Quotidian – adjective ordinary or everyday especially when mundane.

In any journey of change, the past is a problem and the future is bright. Today sits between those extremes. 

Today is just mundane. Today is the hack work, the obstacles and the effort. There’s little glory possible today. Today it can feel like we are not worthy of the future. 

No other day exists to make change. We can’t engage with the past or the future. We can only work through the mundane day at hand, Today. Nobody else will do our work for us. Worthy or not, we have work to do today. 

Forgive the day for its lack of immediate reward. Dive into the work. Stack the the small achievements of each forgiven day upon another. Forgive yourself too and celebrate your achievement each day when done. 

We need daily forgiveness to stay sane as we quest for change. Remember the glorious future will feel as mundane as today because we will be on route somewhere better. 

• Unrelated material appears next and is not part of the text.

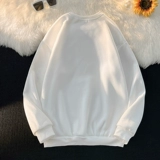 2025 осень и зима в стиле Харадзюку, национальный тренд, оверсайз, простой однотонный цвет, плюс бархатный пуловер в стиле пары, с круглым вырезом, из плотного хлопка, футболка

Adaptation over Precision.

One of the consequences of scientific management is the view that if we could just specify everything exactly then we can achieve better and more efficient outcomes. We have seen this mindset play out in reengineering, continuous improvement, big data & now blockchain. The complexity of a globally connected world means that precision is not always the only answer. There is also a corollary of precision which is that it enables financial speculation. When precision leads to financial speculation as the cure all, it may be precisely the wrong answer.

Smart Contracts

As a former lawyer, I have been following the discussion of blockchain’s potential to deliver smart contracts with interest. There are plenty of opportunities to disrupt the practice of law and improve its efficiency.

However smart contracts are an engineering solution to the problems of legal agreement. Attributing inefficiency to uncertainty, blockchain smart contracts are specific lists of steps with self-executing value. Financial transactions are an example of where the basis of value exchange can usually be specifically identified and self-executing contracts may well replace the many standard agreements that underpin financial market transactions like ISDAs.

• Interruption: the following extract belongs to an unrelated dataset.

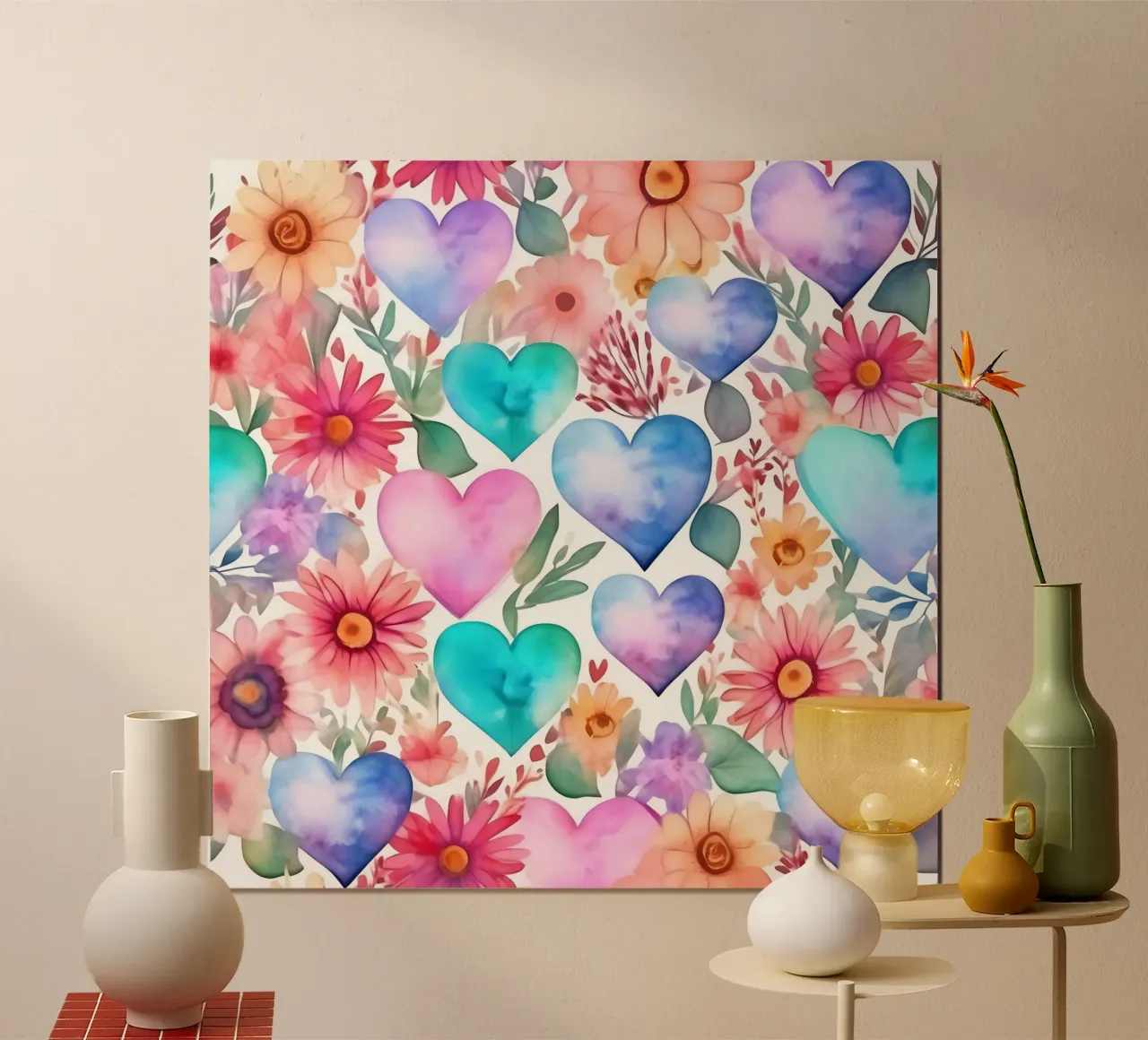 cuori_pastello_2 poster con telaio in legno da Pink- und LoveArt by LK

Not all agreements are better when the steps are precisely specified. Most legal agreements aren’t a value exchange. They are a risk exchange. One party specifies a desired outcome and the value attached and leaves the method of achieving that outcome mostly open. The purchaser allocates the risk of delivery for a fixed cost to the person who wants that risk and is usually better placed to manage changing circumstances. More specification usually gets in the way of efficient delivery because it prevents adaptation and the ability to leverage new information. Most legal disputes occur when the parties specified the wrong future scenarios or they began from diverging understandings of the outcomes.

Distributed Autonomous Organisations.

Currently there is a buzz about the idea of using blockchain to form and manage a Distributed Autonomous Organisation. Essentially people trade claims on the blockchain for units in the DAO. Those units come with voting rights and a share of the outcomes of the DAO. Examples so far look like cooperative investment funds not unlike historical mutuals.

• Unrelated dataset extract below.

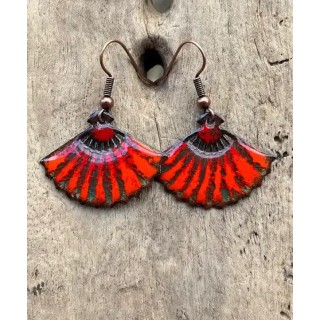 Boucles d'oreilles éventail en émail sur cuivre, fait main en France - émaux sur cuivre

The challenge ahead for DAOs is to step beyond the precision of financial transactions. Corporations manage uncertainty through agency. Self-executing value tied to precise actions needs an ability to be precise. How will DAOs adapt to changing circumstances and methods of execution? Intriguingly some of the non-financial discussions of DAOs are drawn back to financial speculation given the strength of our precision mindset and the financial speculation opportunities it presents.

Complexity not Precision.

The challenge for the future of work is to better manage complexity not deliver greater precision. We are in the early days of the blockchain revolution and more innovations will come. We need those innovations to move beyond precision and financial transactions to more complex domains of uncertainty, learning and risk allocation.